I remember seeing a picture of this sculpture in an art history book when I was a teenager and knowing that I needed to see this in person. I fell in love in that moment with Bernini’s work, the awe-inspiring way in which he made it so that the flesh of Proserpina looked real, substantial enough that it sank under Pluto’s rapacious fingers, and so her anguish became that much more palpable. Seeing this in person is not an experience I will soon forget, how the flesh on them both looks buttery and dynamic, frozen in motion and not like cold marble at all.

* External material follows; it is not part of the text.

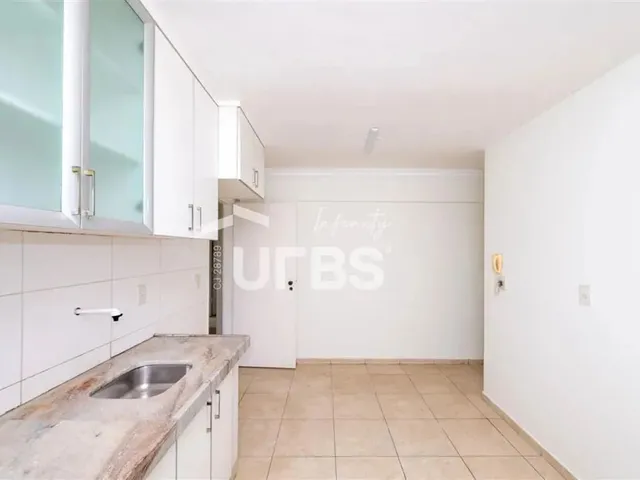 Imagem 2: Apartamento À Venda Edifício Ônix - Setor Marista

The sculpture was commissioned by Scipione Borghese in 1621, and the work was completed a year later. The sculpture was then given as a gift to Ludovico Ludovisi, who had just been appointed Cardinal-nephew by Pope Gregory XV. A clear inspiration for the work is Giambologna’s Rape of a Sabine Woman, which is at the Loggia dei Lanzi in Florence. Another is the Laocoön, which is at the Musei Vaticani, and which Bernini had previously restored.

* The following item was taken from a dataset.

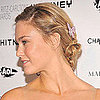 Bar Refaeli Butterfly Hair Clip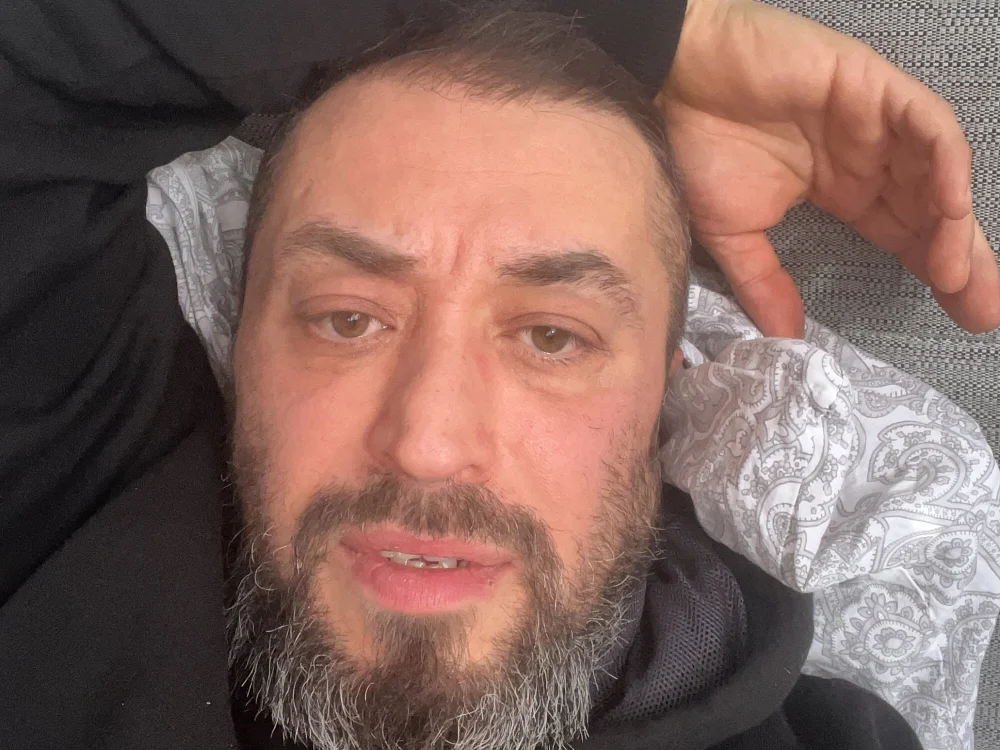 Preview photo of webcam model 34cakir34 on Stripchat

Bernini’s David depicts the moment before the eponymous character throws a stone at the head of the giant Goliath, who was ready to fight the Israelite army of King Saul. David eventually became King himself, and is, according to biblical tradition, an ancestor of Jesus Christ.


Though the narrative is the same as in Michelangelo’s David at the Galleria dell’Accademia, the Florentine sculpture depicts the shepherd in the moment just before slinging the stone, in a bout of serene contemplation of what is to come. Bernini’s work, by contrast, shows the moment, frozen in time, right before David throws the stone. He bites his lip, the muscles of his torso are tense with energy, and he gazes beyond the viewer, at a Goliath that stands just behind us.

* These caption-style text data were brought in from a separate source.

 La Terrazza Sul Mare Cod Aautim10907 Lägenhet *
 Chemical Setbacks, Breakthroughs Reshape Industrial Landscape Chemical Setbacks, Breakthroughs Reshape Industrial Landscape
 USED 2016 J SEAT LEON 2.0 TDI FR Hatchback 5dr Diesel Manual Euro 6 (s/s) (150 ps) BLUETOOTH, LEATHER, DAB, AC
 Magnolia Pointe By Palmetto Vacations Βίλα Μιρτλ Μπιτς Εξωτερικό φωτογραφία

This sculpture depicts one of those lovely stories of a god attempting to get something from a woman (in this case a nymph) that she does not want to give. In this case, the god in question is Apollo, and the nymph, Daphne. As he pursues her longer and longer, and the nymph grows more and more desperate, she begs her father, the river deity Peneus, to come to her aid. He does, turning her into a laurel tree, which is the moment shown in this work, that instant where Daphne is both nymph and tree, just caught by Apollo but forever out of his lusty grasp. It is his “love” for Daphne that drives him to make the laurel tree his own, which is why he is usually depicted wearing laurel leaves.

The sculpture was created by Bernini in 1622-1625, commissioned, of course, by Scipione Borghese, in the wake of having gifted The Rape of Proserpina to Cardinal Ludovico Ludovisi. It had originally been placed by a doorway, a location which Bernini took into account when designing the sculpture. The intent had been to have the viewer first gaze upon both Apollo’s and Daphne’s faces at the same time, thus revealing both of their reactions instantly. Today, however, the sculpture sits at the center of the room.









These two busts of Cardinal Scipione Borghese were both created by Gian Lorenzo Bernini in 1632. The reason for there being two of them is because the first one (on the left) was discovered to have a crack across the forehead as it was being polished. A second bust was then commissioned, which took, depending on the account, either three or fifteen days to complete.













Piazza del Popolo
While this square’s name translates to “People’s Square,” its name actually derives from the word for “poplar,” which is where the church of Santa Maria del Popolo, located on the square, takes its name. This square was the beginning of an important road to Ariminum (present-day Rimini), so that it was for a long time the first view visitors had of Rome. It later became a site for public executions, the last of which took place in 1826.

The Egyptian obelisk which sits at its center once stood in Heliopolis, until it was brought to Rome by the order of Augustus and set up in the Circus Maximus. Three of its sides were carved by Seti I, who the obelisk first belonged to, with the last being carved during the reign of his son Rameses II, who eventually erected it. It is one of thirteen ancient obelisks in Rome, and is the second-oldest, as well as one of the tallest.